The last five days has seen me visit Canons Farm, working all the copses, hedge-lines and weedy field corners. The last five days has seen low numbers of migrants. A few passing Chiffchaffs, a flock of four (and a one) Whinchat, a Stonechat, a single Willow Warbler, that's about it. I strongly suspect that all of the Whitethroats and Blackcaps are locally-bred loafers. My effort has been full on, my patience freely given. But each day I've left the farm with a sense of knowing that, even if I had stayed out in the field for an extra hour or two, nothing would have happened. Sometimes it goes like that.

After a barren three hours at the farm this morning I cut my losses to go and take a look at Ian Kehl's Wood Sandpiper at Holmethorpe (it was kind of Gordon to let him find it!!) My recent semi-twitches to Holmethorpe have been failures, so when an hour had elapsed and the wader had not shown on Spynes Mere, I feared the worst. It then decided to stop teasing me, and appeared on a relatively close island. Poor shot above.

In keeping with my dull mood, Holmethorpe irritates me. On the one hand I've had many happy moments here, but the fencing, high hedges, poor viewing points and the feeling of a reserve that is blowing a raspberry at the visiting birder do not help to make the birding experience an enjoyable one.

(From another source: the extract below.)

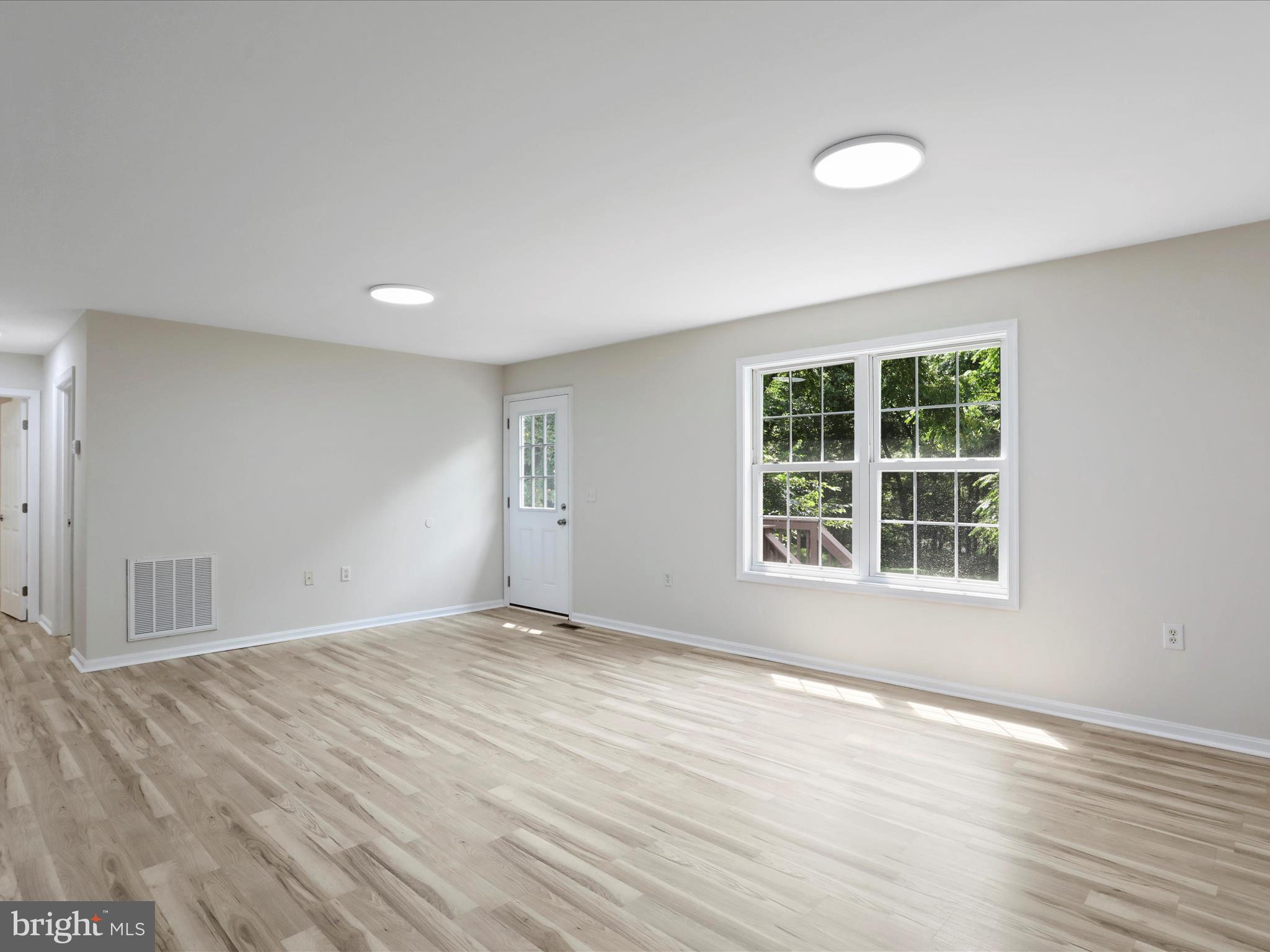 RIVERSIDE ACRES - Residential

All highly unsatisfactory, and when you add to it a week of top migrant moth action, enjoyed by many, that bypassed my garden MV, I feel as if I'm out of the loop, off the pace, treading water and not playing my cards right.

10 comments:

Derek Faulkner said...

We all have those boring days Steve, you're forgetting the winter a couple of years ago when you had Hawfinches in the hundreds pretty much all to yourself.

Steve Gale said...

True Derek, very true...

Ric said...

I like to think that on days when nothing seems to be about, that's when a real mega can appear.
However, after too many outings of that nature, I've decided to give up thinking.

Steve Gale said...

Likewise Ric, and the more I think the less I know!

Stewart said...

Come on man, get with it. I read an article about local patching today by James Kenny that said, its no good getting worked up about the birds other people are seeing. There is always some one seeing better stuff than you, so when you do get a nice bird, the adrenaline rush will be all the better.

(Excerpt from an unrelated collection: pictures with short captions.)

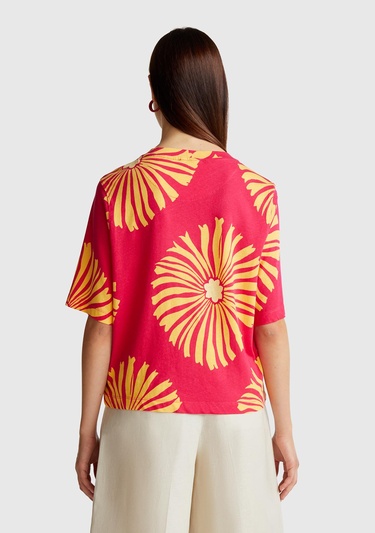  Kadın Fuşya Keten Karışımlı Boxy Fit Çiçek Desenli T-Shirt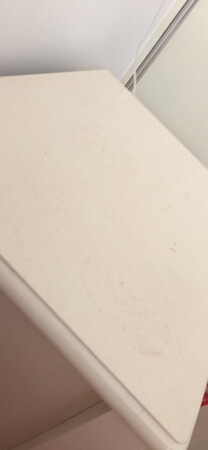 严重掉毛掉色，第二天起床洗漱，洗手洗脸洗头水都红了，一个晚上床头柜上就这么厚的红色毛呢；这是一次非常不开心的购物
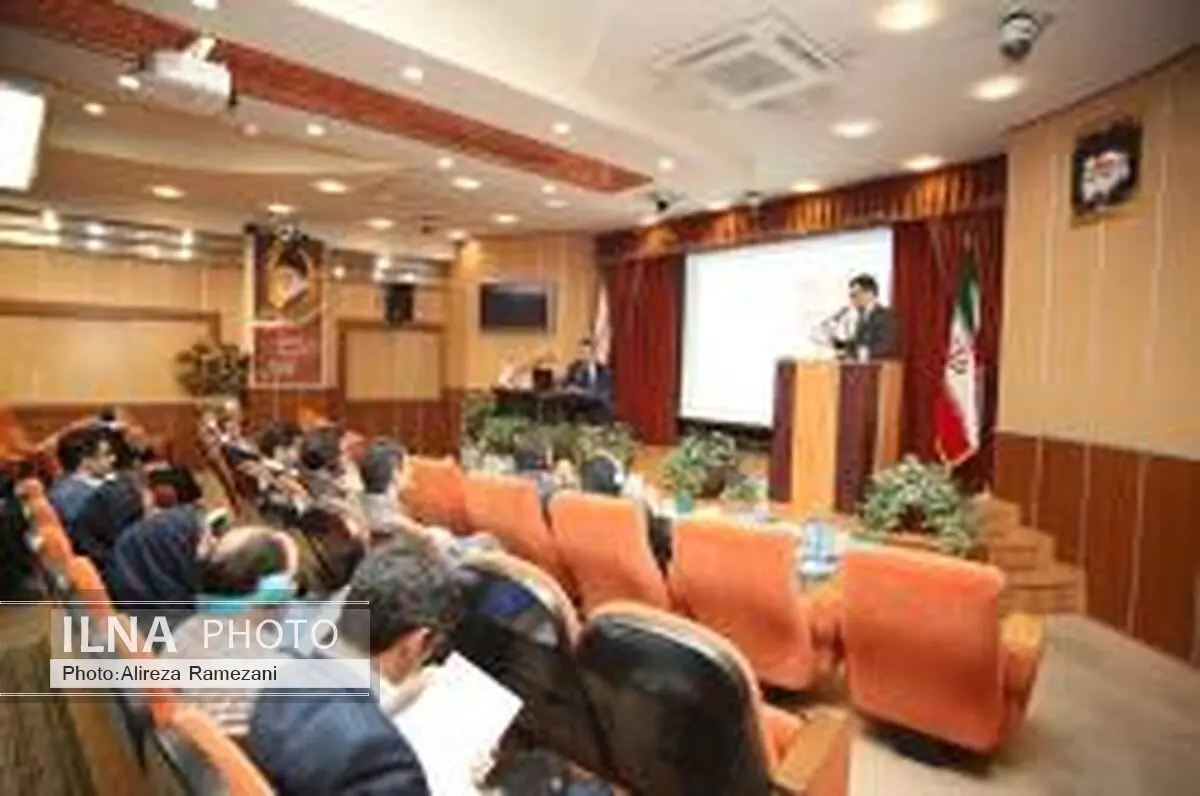 برگزاری سمینار آموزشی چالش‌ها و فرصت‌های پیش‌روی ایران در بازارهای بین‌المللی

Today my mates had a Pied Fly, Pom and Long tail at Boulmer. I can see it from my patch. On my walk today I saw, er, nothing. Ive even googled Flower photography tonight...

Steve Gale said...

I know Stewart, but I do love to wallow in a bit of self-pity now and again, it’s a hobby of mine!

Gavin Haig said...

From all of my coastal spots, Portland looms large in the distance. Even from several miles away, the grass over there is clearly greener. Very, very occasionally I see a better bird locally than they've had all day. Hopefully it'll happen again once or twice before I peg it!

PS. You do know about the stringing option, right? ;)

Steve Gale said...

Mmmmmm....... coastal spots.......

Now, where was I?

Gibster said...

There've been flocks of Greenshank, godwits, masses of Ringed Plovers etc on the east coast of Skye lately. Orca, Risso's Dolphins, skuas and shearwaters off the west coast. Me, tucked into a bay on the north coast...er 6 Curlew, 13 Oyks and a Sedge Warbler. And today I'm going caving in the hope of finding troglobitic species in the gour pools, zero chance of passage waders in there! But the migrant birds will come, as they always do, and Banstead area is clearly a favourite of theirs. There's still plenty of time for that shrike on a Priest Hill hawthorn bush and we've seen what your trusty bridge camera can do.

Steve Gale said...

Seth, you should become a life coach - I’m all fired up now!